The playful game centered around an apple. The fruit was significant in this little boy’s life — and, it turns out, in Clark’s.
Though decades apart in age, the two shared some similarities.
The young Hispanic boy was from Durham, N.C., and his family lived in a food desert, a low-income area where there isn’t access to fresh produce. That is what brought him to Kids in the Kitchen, a Junior League event focused on teaching kids about healthy food. Clark was there volunteering.
The project that day was to make apple smiles — fun, yummy food faces with peanut butter and marshmallows. But the little boy didn’t want to try it. He had never had one before.
Clark was also being exposed to something new.
Recently out of graduate school and living in a new town where she didn’t know a soul, Clark had just joined Junior League.
As a young professional black woman raised by a single mom, Clark was the first in her family to go to college. She didn’t come from the wealth and societal privilege that so many Junior League women did. Before joining, she had never heard of Junior League.
When the boy who had ran past her table briefly stopped, she finally convinced him to give the apple a try.
“He couldn’t help licking his fingers because apples are amazing,” she said with a laugh.
And that’s when she knew that the Junior League was for her.
“Whatever else is going on, this is the core of what the Junior League is doing,” Clark said. “We are helping children, we are developing women, we are building our community, and something as simple as loving an apple could change the way this young man looks at food and health and adventure and being willing to try things.
“And I thought, ‘OK. I can get into that. I can do that.’ “
Almost a decade later, Clark is the first African American to serve as president of the Junior League of Nashville in its 96-year-history.
It’s a historic and important role. One Clark both embraces and approaches with regard. Her focus is to encourage others, those from all backgrounds, to look beyond perceptions and try what is different and rewarding.
“I know women who would thrive here, who would love this and who could learn so much from the League — and we could learn so much from them — but they do not feel like they could walk into this space,” says Clark, 34, who is the director of the Office of Student Leadership Development at Vanderbilt University.

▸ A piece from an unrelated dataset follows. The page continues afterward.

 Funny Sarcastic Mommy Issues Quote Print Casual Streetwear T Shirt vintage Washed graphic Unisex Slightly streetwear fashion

“So I know I have to use this opportunity to help other people feel comfortable and welcomed — and to feel like this is a place they can come and matter.”
Start of Junior League life was ‘startling’

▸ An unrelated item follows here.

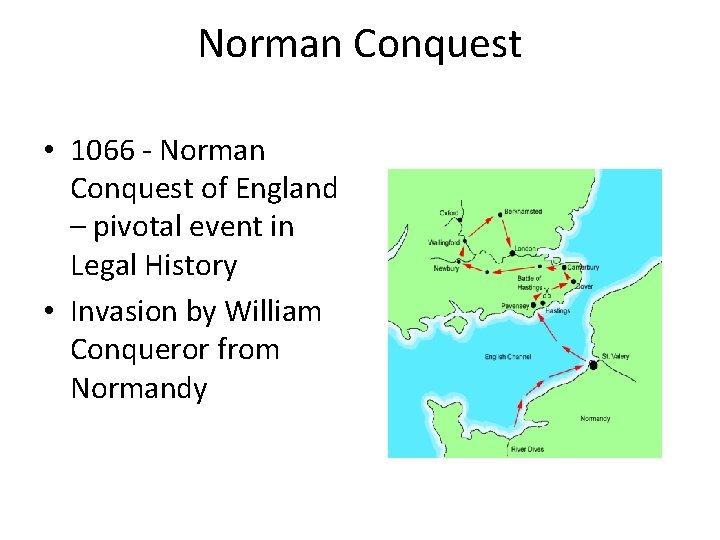 Norman Conquest • 1066 - Norman Conquest of England – pivotal event in Legal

Truthfully, the start was a bit “startling” for Clark.
In Durham, the ladies met in a huge, beautiful mansion called Hill House.
“Probably the biggest house I had ever been to,” Clark said.
“So, I think I was a little overwhelmed at first. … It was kind of like, ‘These people have resources that I don’t have, so how am I going to fit in this puzzle?’ “
And there was another thing. There were not many faces like Clark’s.
In the early years of Junior League’s history, to be asked to join was a high honor, and one bestowed only on the city’s most prominent people — mostly well-to-do white women who didn’t work.
Even as the League evolved, welcoming career women into the folds, that’s often where diversity stopped.
Junior League was something the Clark family had never heard of.
“I grew up in a single-parent family, low socio-economic status,” Clark says. “Very hard-working people but we don’t come from any riches at all. … My mom always made things happen for us, even if that meant that she worked more than one job.
“The Junior League was something that, once I started researching it, I realized why I didn’t know what it was — because the people in my life would have never joined the Junior League.
“It was just a different bracket of knowledge, and not having that social capital or cultural capital to understand what that was.”
But Clark, who then was working at Duke University as the program coordinator of fraternity and sorority life, often found herself in the position of being the first, the only, the one who was different.
She embraced it, and she wasn’t going to let perceptions keep her from pursuing an opportunity to give back to the community and learn leadership skills.
“There is this barrier — real or imagined — that keep people from walking into something that could be beneficial to them,” she said. “I was raised to be strong and not let people keep me out of things that are beneficial to me.”
Soon, she found herself laughing in the back of Junior League meetings with her new friends and volunteering for events like Kids in the Kitchen.
It fulfilled her.
“I’m a joiner,” she said. “I will fill out an application. I will raise my hand. I’m a front-row kid. The Junior League is perfect for that person.”
A different approach
When she again found herself in a new town in 2011, knowing Nashville only as the home of Vanderbilt and country music, Junior League became her connection point.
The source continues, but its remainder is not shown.